The term ‘durability’ is defined on Google as, “the ability to withstand wear, pressure or damage.”
What the definition should really say is actually quite simple— Jailyn Ford.
After tossing 150.0 innings, recording 18 wins and boasting a staggering career low 1.03 ERA in her senior season at James Madison University, Ford has stepped right in as the ace of the Akron Racers in her first professional season.
“Coming into a really good team and a supportive team has helped me to stay mentally tough,” Ford said. “I don’t think about the innings or how many I’ve pitched in college or now.
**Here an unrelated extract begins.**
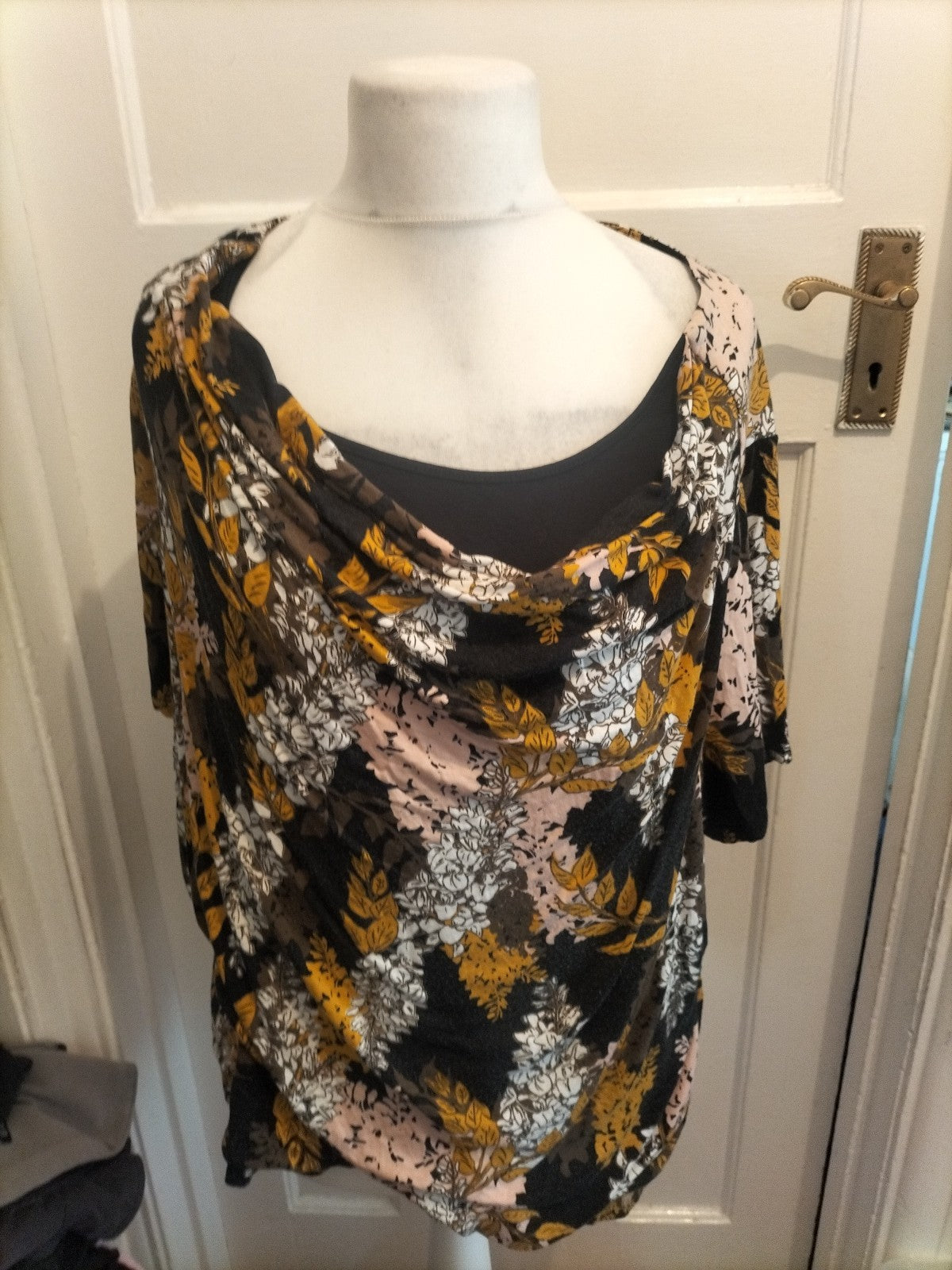 Ladies George Size 24 Yellow/Black Floral Printed Short Sleeved Blouse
I just go out there, stay mentally tough and take it game by game.”
Her last game for the Dukes of JMU came on May 28 when Ford’s team came up short against Racers teammate, Sandra Simmons’ LSU squad in the NCAA Super Regionals.
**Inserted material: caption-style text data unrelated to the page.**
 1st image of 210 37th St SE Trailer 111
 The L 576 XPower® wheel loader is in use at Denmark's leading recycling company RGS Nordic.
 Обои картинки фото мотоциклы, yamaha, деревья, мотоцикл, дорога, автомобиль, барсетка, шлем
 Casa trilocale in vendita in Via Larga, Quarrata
On June 8, Ford made her first NPF start in the Racers home opener, in which she earned her first career win throwing 5.0 innings and allowing just two hits. She looks back on her first NPF start as the most memorable moment of the 2016 campaign to this point.
“I was very honored and very thankful to be given the ball on that night and I’m happy we could get the win,” Ford said.
Yes, that is correct— a mere 11 days separated the end of her collegiate career and her professional debut.
The Racers showed their faith in the durability of the young pitcher as they drafted her in the first round of the 2016 NPF Draft with the third overall selection.
“I was excited. I was kinda shocked I went so early, but I couldn’t be more thankful to be a part of such a great organization and such a great group of girls,” Ford said.
As for her first NPF season, she tacked on a team-high 98.2 innings of work and led the Racers with nine wins and 75 strikeouts. Ford tossed six complete games and secured two saves for the Rubber City as well.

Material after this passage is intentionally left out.